The circle in the diagram has centre \(C\). Three angles \(\alpha, \beta, \gamma\) are also indicated.
The angles \(\alpha,\beta, \gamma\) are related by the equation:
\(\cos \alpha = \sin (\beta + \gamma)\),
\(\sin \beta = \sin \alpha \sin \gamma\),
\(\sin \beta (1 − \cos \alpha) = \sin \gamma\),
\(\sin (\alpha + \beta) = \cos \gamma \sin \alpha\).
Let’s give the vertices in the diagram some names. We’ll call the vertex of angles \(\alpha\) and \(\beta\), \(A\), and the vertex of angle \(\gamma\), B.

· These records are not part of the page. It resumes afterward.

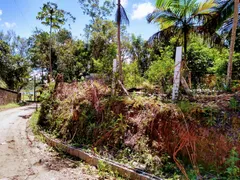 Fazenda / Sítio / Chácara com 2 Quartos à venda, 260m² no Conquista, Balneário Barra do Sul - Foto 7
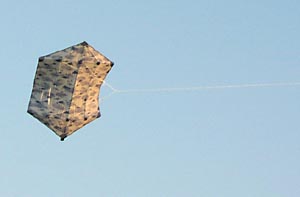 Larry & Karen Green's Kites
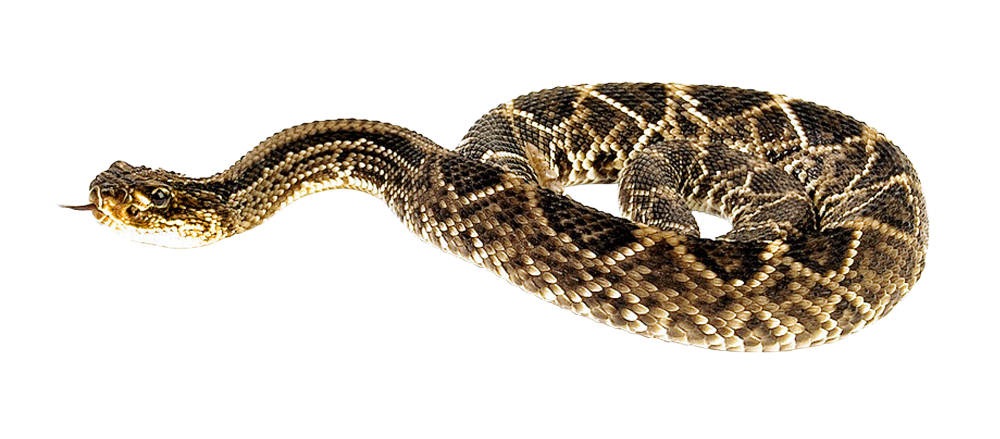 Snake Viper PNG Pic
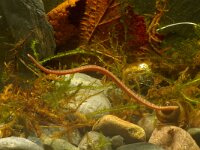 Erpobdella octoculata 2, Achtogige bloedzuiger, Saxifraga-Kees Marijnissen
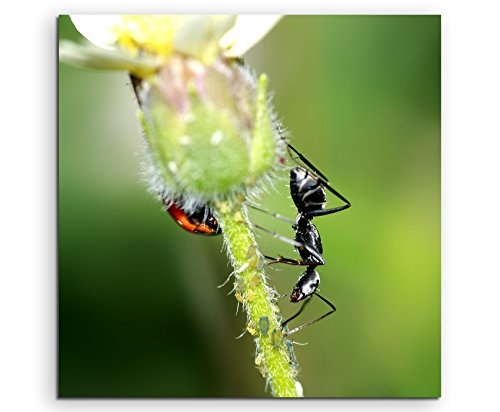 Leinwandbilder quadratisch 60x60cm Tierbilder - Schwarzer Käfer und Ameise auf einer Blume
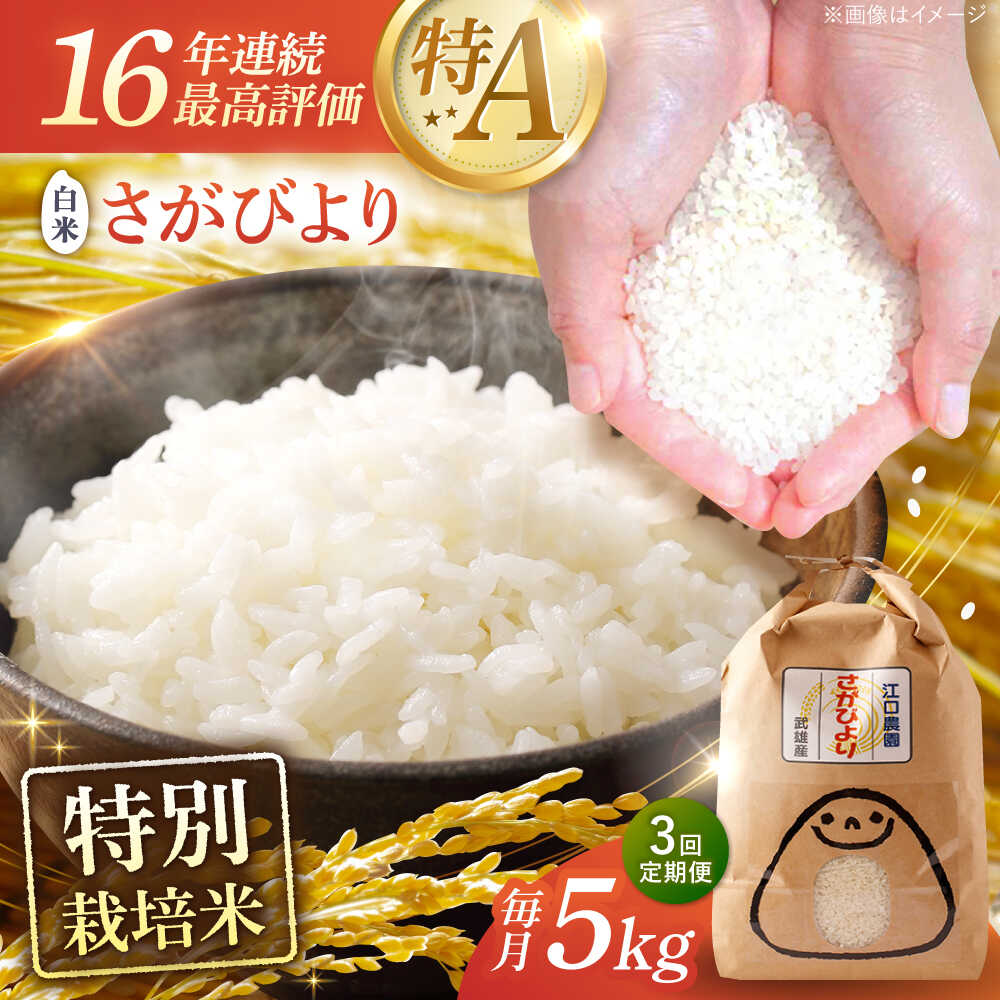 食品 みい様専用 精米小分け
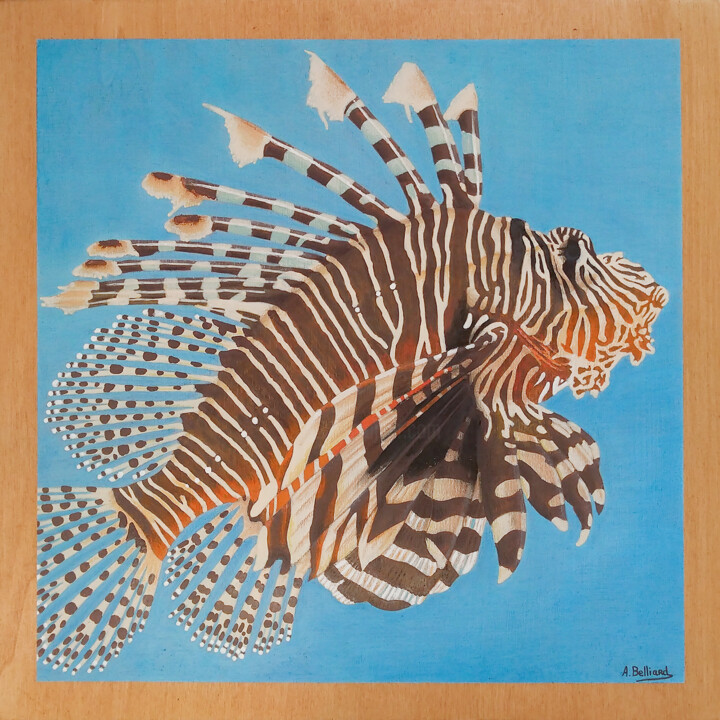 Rascasse volante 绘画, 11.8x11.8 in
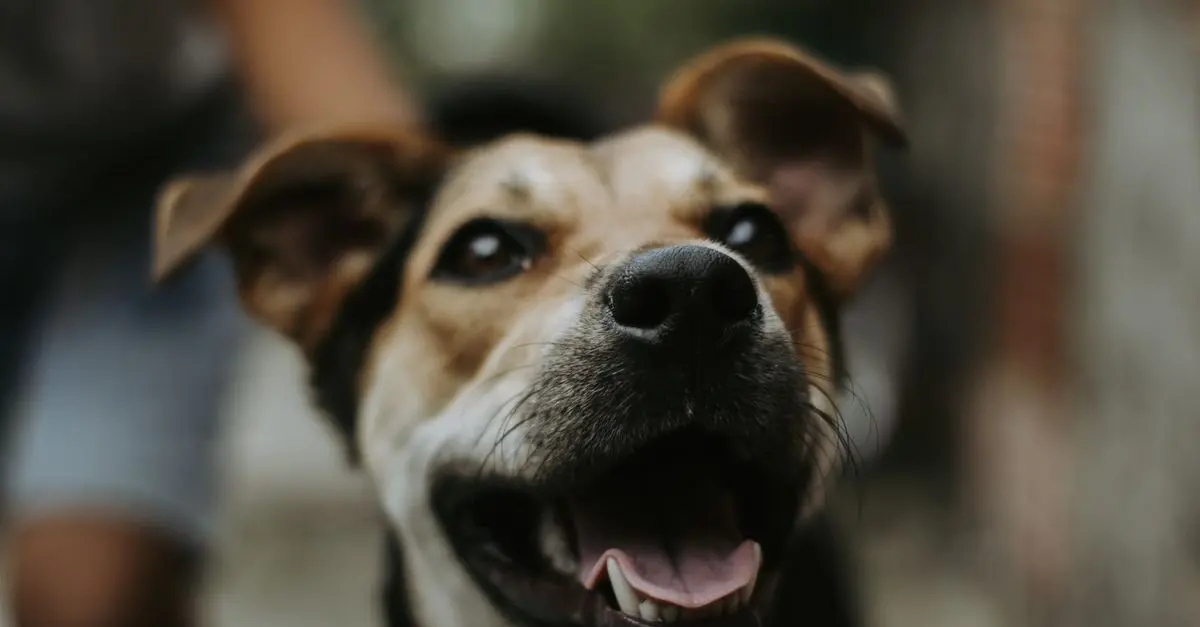Best Dog Treat Dispensers: Top Choices for Happy Pets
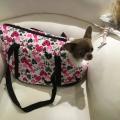 Small Dogs Carrier Bag Dog Backpack for Chihuahua Dog Cat Products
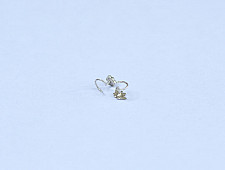 Charushila ~ Kutchi Noes pin - G (Set of two)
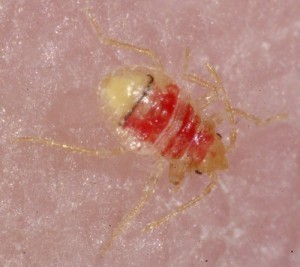 Bed Bug Nymph Sizes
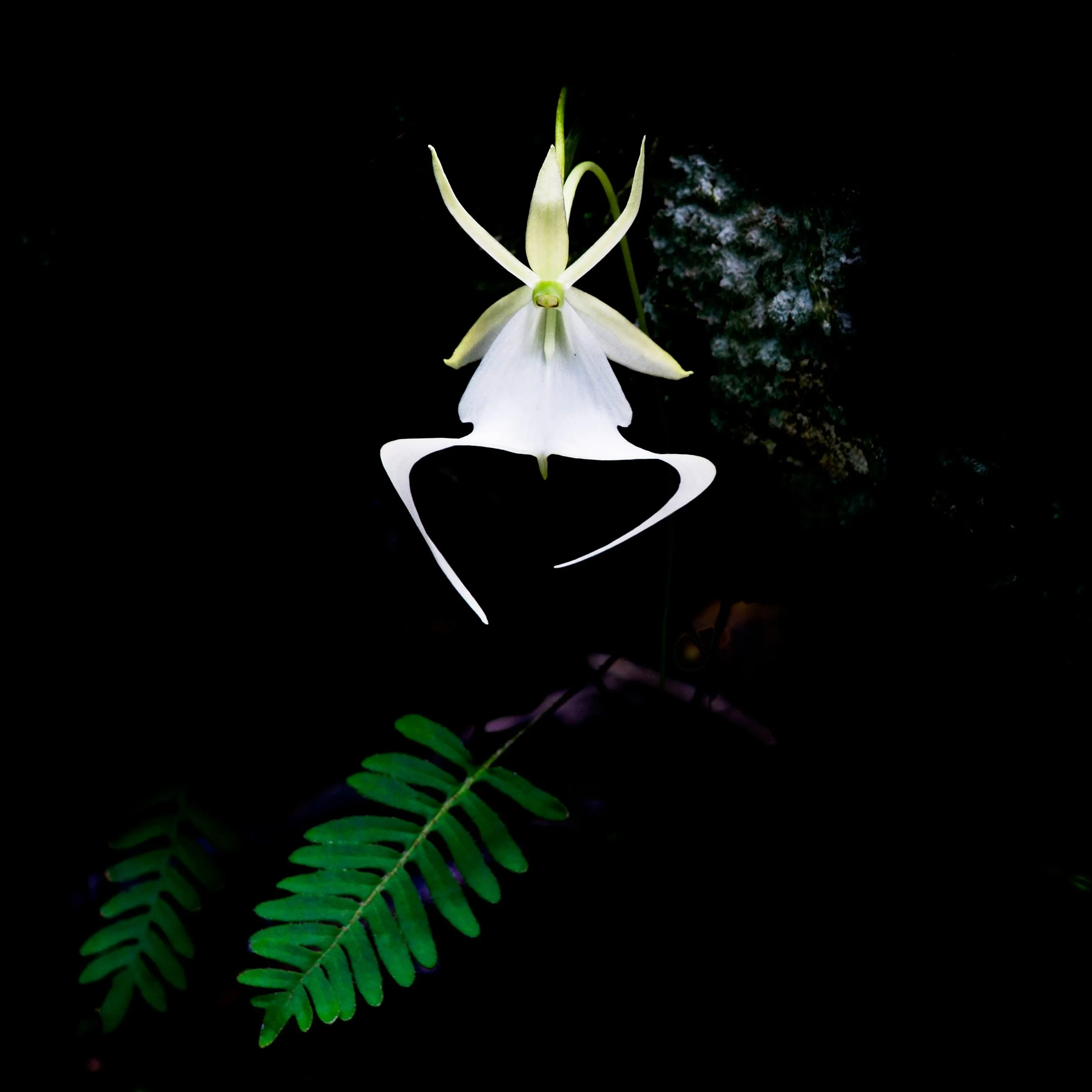 Ghost Orchid Abstract Color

We’ll also draw in the radius between C and the tangent - they’ll be perpendicular at the point of contact. We’ll call this point \(D\).
By looking at the right-angled triangle \(ACD\), we can see that the length of \(AC = x = \dfrac{r}{\sin \alpha}\), so \(r = x\sin\alpha\).
Now we can apply the sine rule to the triangle \(ABC\) to give \[\frac{\sin \beta}{r}=\frac{\sin \gamma}{x},\] so \[x\sin\beta = r\sin\gamma \implies x\sin\beta = x\sin\alpha\sin\gamma.\]
So on cancelling \(x\) we have \[\sin \beta = \sin \alpha \sin \gamma,\] and the answer is (b).